I have no problem with another Unicode character like an accented letter like "è".
Debian is OK
I then tried the same manipulation on a Debian GNU/Linux version 12 (the next Debian stable) and I have no problem.
On Debian I use:
- Python 3.11.2 (main, Mar 13 2023, 12:18:29) [GCC 12.2.0] on linux
- Nikola 8.2.4
In both cases I use a venv.
Debug
I tried to debug but I am new to Nikola.
I tried nikola rst2html
.
On macOS I get:
$ nikola rst2html posts/2023/05/unicode.rst
<!DOCTYPE html>
<html><body><p>! D O C T Y P E h t m l >
</p></body></html>
Here again the result is correct if run on Debian.
Maybe the problem is in a dependency used by Nikola.
This is most likely a bug with lxml, please report it to the lxml project.
If I use the program ./nikola/bin/rst2html.py
(on macOS) to convert my .rst
post I have no problem.
I get:
[...]
<div class="document">
<!-- title: Unicode -->
<!-- slug: unicode -->
<!-- date: 2023-05-08 18:48:37 UTC+02:00 -->
<!-- tags: -->
<!-- category: -->
<!-- link: -->
<!-- description: -->
<!-- type: text -->
<p>😺</p>
</div>
</body>
</html>
I have no idea how lxml is used by Nikola.
Can you provide a sample code using lxml that should fail so I can report the issue to lxml?
Sure, here’s some sample code:
import lxml.html
html = """<!DOCTYPE html>
<head><meta charset="utf-8"></head>
<body>
<h1>Hello, world!</h1>
<div>
<p>\U0001f63a</p>
</div>
</body>
</html>"""
parser = lxml.html.HTMLParser(remove_blank_text=True)
doc = lxml.html.document_fromstring(html, parser)

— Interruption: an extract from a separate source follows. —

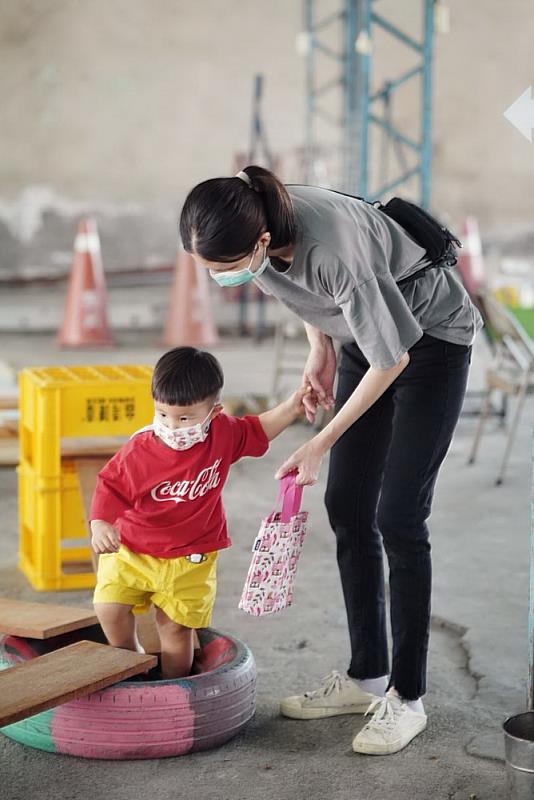 廟埕安靜小角落，變身移動遊樂園4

data = lxml.html.tostring(doc, encoding='utf8', method='html', pretty_print=True, doctype='<!DOCTYPE html>')
print(data)
Can you reproduce the issue using this code on macOS? For reference, I get the following output on Windows and Linux:
b'<!DOCTYPE html>\n<html>\n<head><meta charset="utf-8"></head>\n<body>\n<h1>Hello, world!</h1>\n<div>\n<p>\xf0\x9f\x98\xba</p>\n</div>\n</body>\n</html>\n'
Bingo!
On macOS I get:
>>> print(data)
b'<!DOCTYPE html>\n<html><body><p>! D O C T Y P E h t m l > \n </p></body></html>\n'
I reported the lxml issue at https://bugs.launchpad.net/lxml/+bug/2019038
Thanks